Friday, 27 April 2012


 A double post today, as I wanted to wrap up the Hidcote spring end of things. Tomorrow morning I head off to France to complete a placement at Monet’s garden in Giverny, just north of Paris. A full colour report and ramblings upon my return, cheerio!

Man the lifeboats!

Miserable precipitation has taken hold, drowning our humour and dampening our sprits! Reminiscent of some shamanic chant we find ourselves muttering repeatedly, “We need it, we need it”, which of course we do what with all of this drought and hose-pipe ban business. But the situation would be more enjoyable, or at least more bearable, if the thing was spread across a 12-month payment plan, rather than lumped into one month-long dose! In spite of all this the plants are growing at in an incredible rate, seemingly triffid-like, and I fear this may be the last of the old spring updates…

No yellow tulips were ordered for the Old Garden display, but of course one does not discover the wrong bulbs have been sent until the spring when they commence flowering!

Tulipa ‘Virichic’, as anticipated, in the Old Garden

In the Plant House border. Tulipa ‘Prinses Irene’, an old variety from 1845 I first encountered in the Cottage Garden at Sissinghurst. Accompanied here by the cheering spikes of Euphorbia characias subsp. wulfenii

Inside the Plant House the blooms of the Jasminum polyanthum emit an incredible scent that fills the air

The honeybees are particularly fond of the honey-scented Pittosporum tobira, and stick their little faces as far as possible into the flowers! This plant is half-hardy, so also resides here in the Plant House

Morning in the Wilderness, with the bark of a Birch and a stand of an old Narcissus cultivar

Epimedium pinnatum subsp. colchicum

Lemon-yellow harmony in the Pine Circle with the buds of Paeonia mlokosewitschii and the blooms of Tulipa ‘Strong Gold’

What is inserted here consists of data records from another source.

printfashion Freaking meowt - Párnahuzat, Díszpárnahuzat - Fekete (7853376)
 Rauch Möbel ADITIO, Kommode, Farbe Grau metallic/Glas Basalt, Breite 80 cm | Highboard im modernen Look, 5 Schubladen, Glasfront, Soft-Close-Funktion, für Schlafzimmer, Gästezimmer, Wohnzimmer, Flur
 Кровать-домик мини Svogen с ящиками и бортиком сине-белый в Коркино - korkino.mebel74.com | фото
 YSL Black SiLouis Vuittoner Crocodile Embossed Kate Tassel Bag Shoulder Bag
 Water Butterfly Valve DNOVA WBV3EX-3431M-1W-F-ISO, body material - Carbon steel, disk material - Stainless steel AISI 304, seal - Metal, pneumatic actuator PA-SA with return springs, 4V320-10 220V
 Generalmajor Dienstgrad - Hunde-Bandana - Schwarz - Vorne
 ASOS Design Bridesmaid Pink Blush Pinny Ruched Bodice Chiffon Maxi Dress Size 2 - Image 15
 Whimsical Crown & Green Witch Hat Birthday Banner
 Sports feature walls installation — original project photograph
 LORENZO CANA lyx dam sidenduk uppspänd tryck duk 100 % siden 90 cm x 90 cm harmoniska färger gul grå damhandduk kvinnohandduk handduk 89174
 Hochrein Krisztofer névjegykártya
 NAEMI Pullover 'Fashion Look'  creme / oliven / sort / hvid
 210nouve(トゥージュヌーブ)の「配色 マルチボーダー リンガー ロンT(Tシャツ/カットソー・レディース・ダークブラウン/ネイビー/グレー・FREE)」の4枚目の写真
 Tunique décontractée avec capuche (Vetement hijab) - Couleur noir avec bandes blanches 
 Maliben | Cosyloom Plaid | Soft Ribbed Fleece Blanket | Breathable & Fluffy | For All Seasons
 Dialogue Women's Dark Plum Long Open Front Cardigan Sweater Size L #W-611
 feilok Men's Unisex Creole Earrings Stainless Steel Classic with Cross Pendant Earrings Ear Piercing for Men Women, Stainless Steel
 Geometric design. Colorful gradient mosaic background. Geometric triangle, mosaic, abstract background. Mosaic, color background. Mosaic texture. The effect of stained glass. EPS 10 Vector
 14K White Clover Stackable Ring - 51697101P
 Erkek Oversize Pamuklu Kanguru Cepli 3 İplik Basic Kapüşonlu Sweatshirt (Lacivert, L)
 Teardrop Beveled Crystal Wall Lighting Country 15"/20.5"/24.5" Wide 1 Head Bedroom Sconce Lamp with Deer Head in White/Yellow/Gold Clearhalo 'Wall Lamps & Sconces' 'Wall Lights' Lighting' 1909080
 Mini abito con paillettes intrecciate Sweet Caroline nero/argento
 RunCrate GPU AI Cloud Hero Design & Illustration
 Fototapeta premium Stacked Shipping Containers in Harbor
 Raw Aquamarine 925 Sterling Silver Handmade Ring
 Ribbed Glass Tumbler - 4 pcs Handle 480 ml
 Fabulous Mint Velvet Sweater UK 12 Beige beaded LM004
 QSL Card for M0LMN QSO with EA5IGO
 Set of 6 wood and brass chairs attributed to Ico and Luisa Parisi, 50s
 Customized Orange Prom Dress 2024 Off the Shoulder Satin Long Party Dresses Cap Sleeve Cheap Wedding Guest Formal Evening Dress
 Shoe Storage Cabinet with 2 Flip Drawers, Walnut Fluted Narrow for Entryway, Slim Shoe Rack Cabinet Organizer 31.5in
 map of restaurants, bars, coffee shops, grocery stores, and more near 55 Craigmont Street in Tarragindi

The Rose Walk provides one of the first real peaks in the garden, with its early-summer display, and I personally cannot wait for the return of the lupins

There are heritage varieties of countless species about the garden, but I have found the Narcissi amongst the hardest to identify. This gem up the Rose Walk is currently unknown to us

In the Lily Pond, a Great Pond Snail drinking in the glory of spring. These chaps have incredible rhino-like heads that unfurl gracefully from their shells

There have been a huge number of Orange-tip butterflies about the place this year, joyful days! The undersides have this complex blotched mottling, with only the males bearing the orange tipped wings

The Brimstones are still around I am glad to say, here enjoying Symphytum ‘Hidcote Pink’ down by the bee hives

Monday, 23 April 2012

Arley Hall

Recently I ambled off up north for a spot of garden visiting, battling through the rain and elements to visit the likes of Bodnant, Holker Hall and Wollerton Old Hall. One of the highlights of the trip was a poke around Arley Hall, a private estate and garden set amongst the beautiful Cheshire countryside. This garden has an impressive and ancient history, and has been entirely designed and improved over the centuries by each successive heir. In 1846 the ‘Alcove Walk’ was laid out for the display of perennial plants, with large double borders divided by a gravel path. This garden area is now known as the Herbaceous Border, and is widely accepted to be one of, if not the, first of its kind in the country, designed 50 years prior to the likes of old Gertrude Jekyll getting in on the act!  At over 160 years old, it remains to this day an utterly magnificent example of herbaceous planting and border design, and along with the rest of the garden is quite frankly enchanting. Arley is a little over an hour away from wonderful Wollerton, and I would strongly encourage visiting both!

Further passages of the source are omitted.